情報セキュリティポリシーは、一般的に「基本方針」「対策基準」「実施手順」の3つで構成されます。基本方針については前述の通りですが、あとの2つはいわゆる「ガイドライン」と「マニュアル」という位置づけです。
【対策基準=ガイドライン】想定される情報セキュリティリスクに対して、どのような対策を行うかを明記します。
【実施手順=マニュアル】どのように情報セキュリティポリシーを運用するかを定めます。

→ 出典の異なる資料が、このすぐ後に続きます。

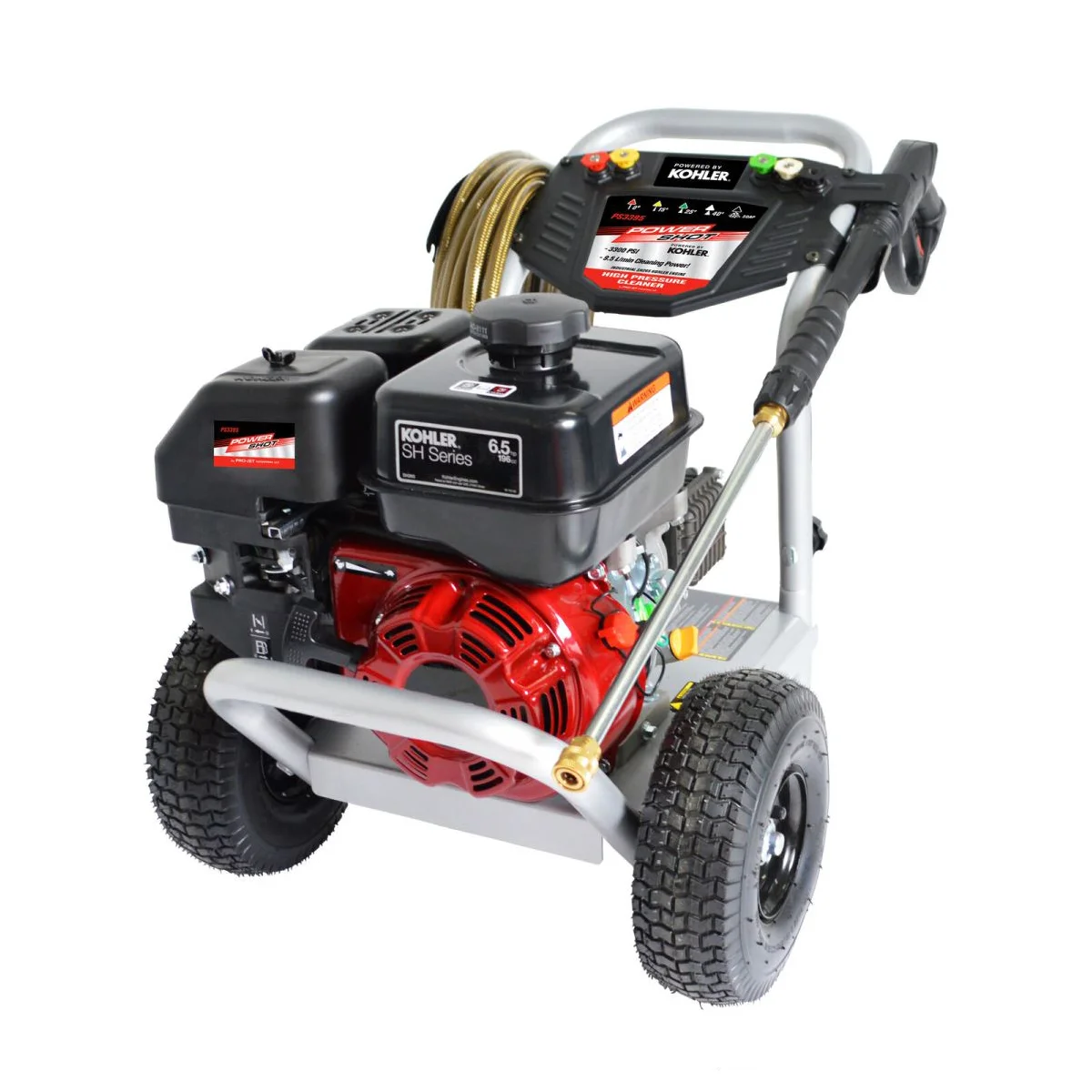 PowerShot PS3395 Pressure Washer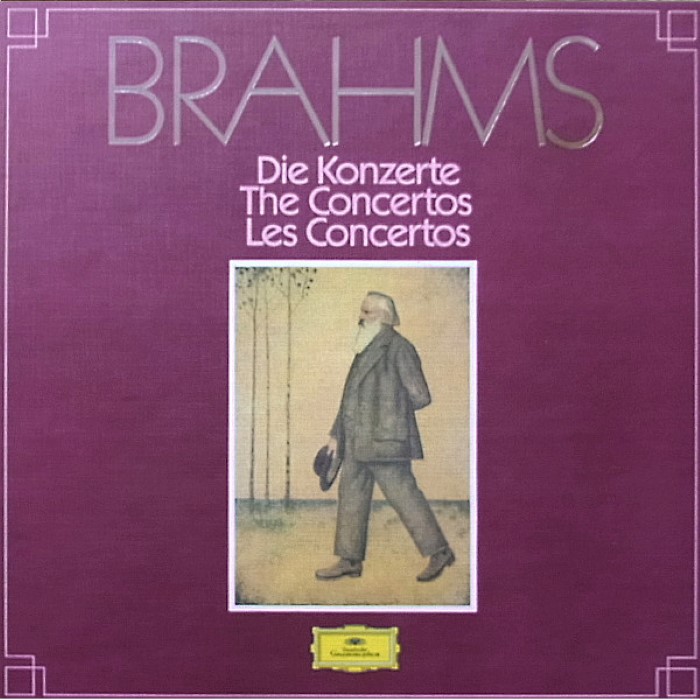 Double Concerto / Academic Festival Overture cover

情報セキュリティ対策の〈根幹〉となる「情報セキュリティポリシー」の詳細や策定方法について、以下の記事でご紹介しています。
( 3 ) 情報セキュリティ基本方針の目的
情報セキュリティ基本方針を明文化する目的は、重要な情報資産(※1)を守ることにあります。デジタル化が急速に進展し、サイバー攻撃がますます複雑化する現代、情報は企業にとって守るべき「財産」です。情報セキュリティ基本方針に則った適正な情報セキュリティ対策を行うことは、ステークホルダー(※2)に対して大きな意味を持ち、会社の信用度を向上させます。
従業員のセキュリティ意識の向上
もう一つ大きな目的として挙げられるのが、従業員のセキュリティ意識の向上です。ただ漠然と対策をするのではなく、明文化したうえで全員のベクトルを合わせたセキュリティ対策を行うことで、セキュリティ意識は高くなります。
※1 情報資産:組織または個人が保有し、価値を持つ情報。および関連する資源のこと。※2 ステークホルダー:株主、取引先、従業員、さらには金融機関や行政機関など、企業にとってあらゆる利害関係者を指す。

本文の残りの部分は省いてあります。